#### Given records ####

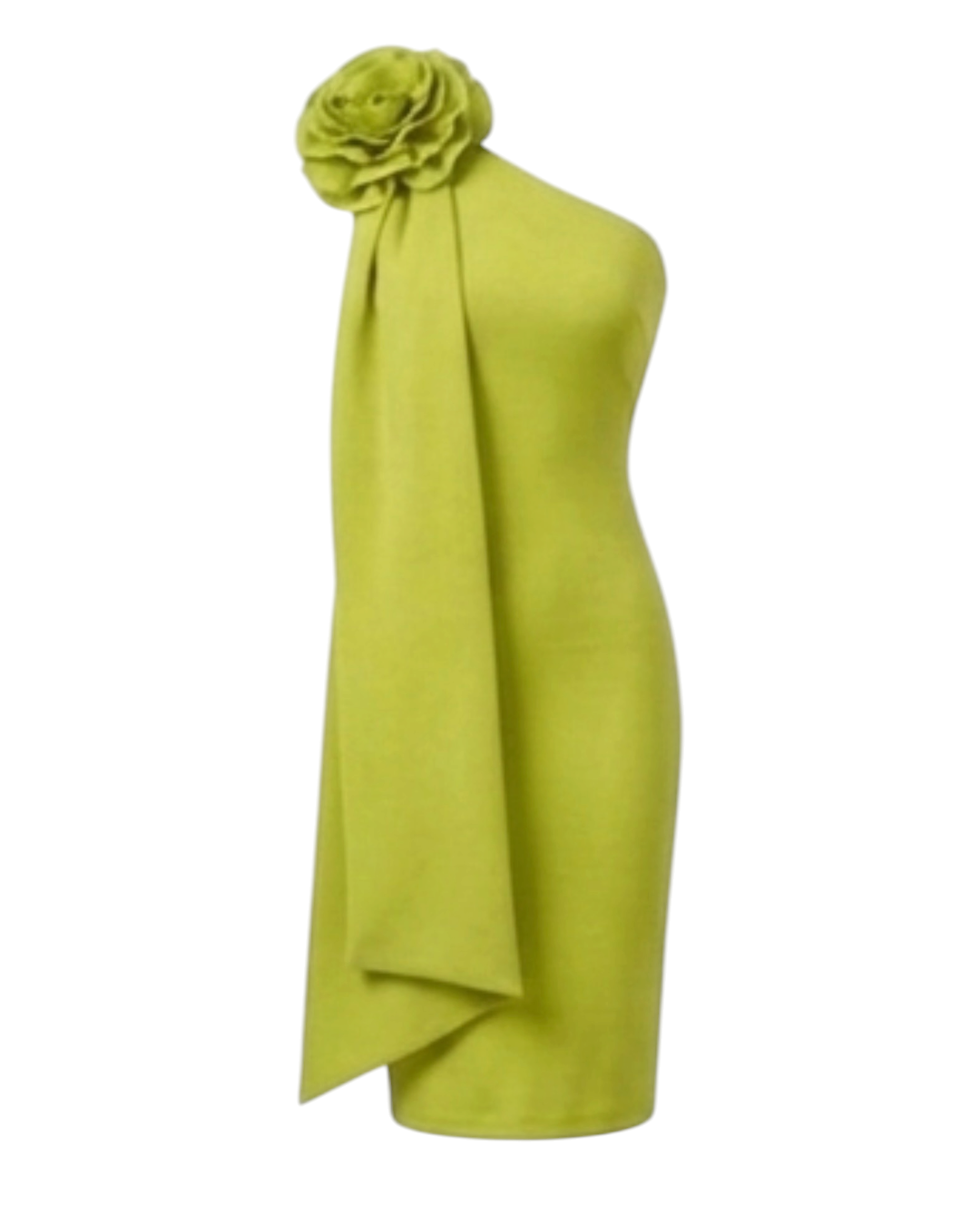 RUZHA MIDI dress**PRE ORDER**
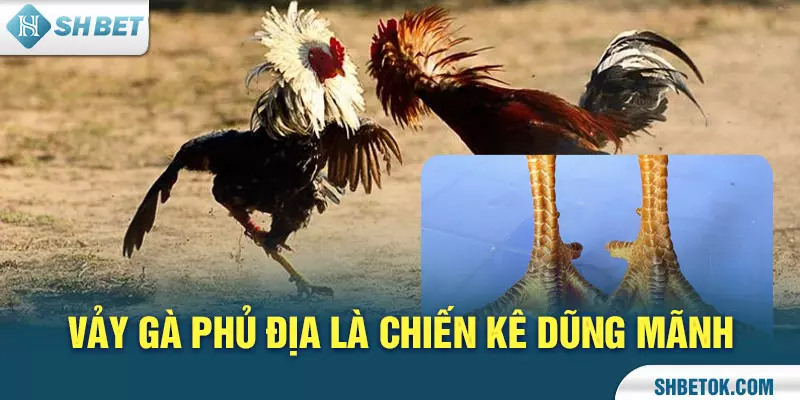 Vảy gà Phủ Địa là chiến kê dũng mãnh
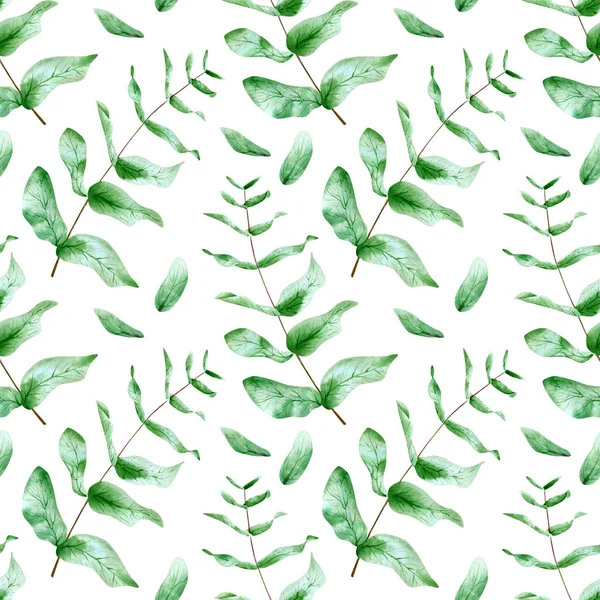 Seamless eucalyptus leaves pattern. Watercolor floral background with green spring plant leaf and branches for textile, wallpaper, kitchen decor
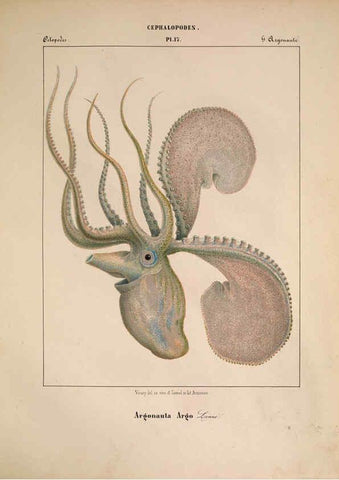 Reproducción/Reproduction 6263521523: Mollusques méditeranéens [!] Gènes :Impr, des sourds-muets,1851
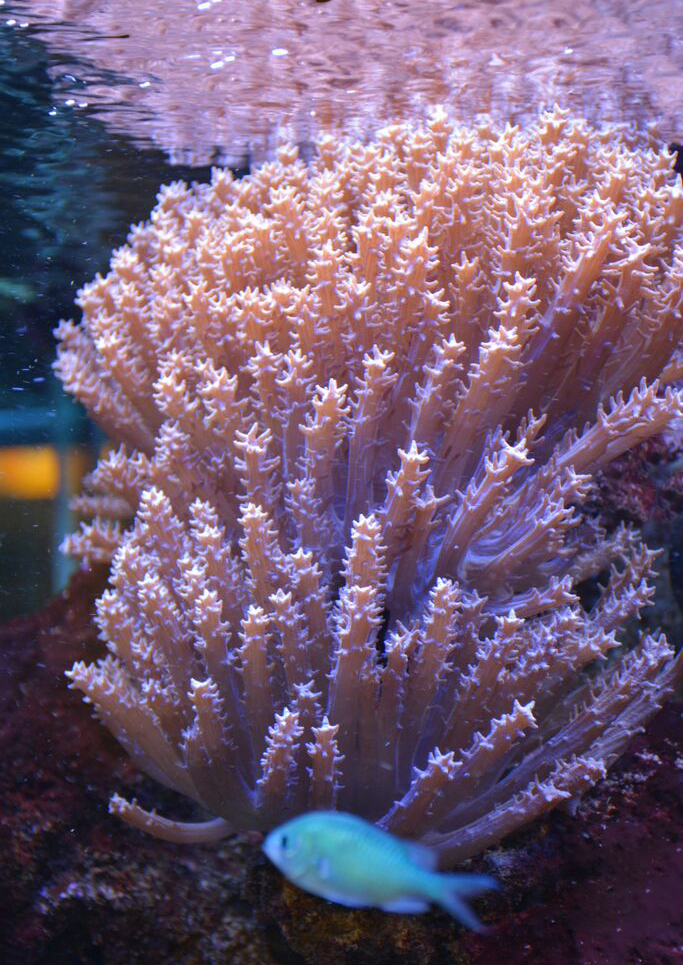 Océan d'intérieur-Aquariums-Colorful Aquarium-0 - photo 3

####

Task brief
Set every record down again verbatim, without pictures.

Answer below
 RUZHA MIDI dress**PRE ORDER**
 Vảy gà Phủ Địa là chiến kê dũng mãnh
 Seamless eucalyptus leaves pattern. Watercolor floral background with green spring plant leaf and branches for textile, wallpaper, kitchen decor
 Reproducción/Reproduction 6263521523: Mollusques méditeranéens [!] Gènes :Impr, des sourds-muets,1851
 Océan d'intérieur-Aquariums-Colorful Aquarium-0 - photo 3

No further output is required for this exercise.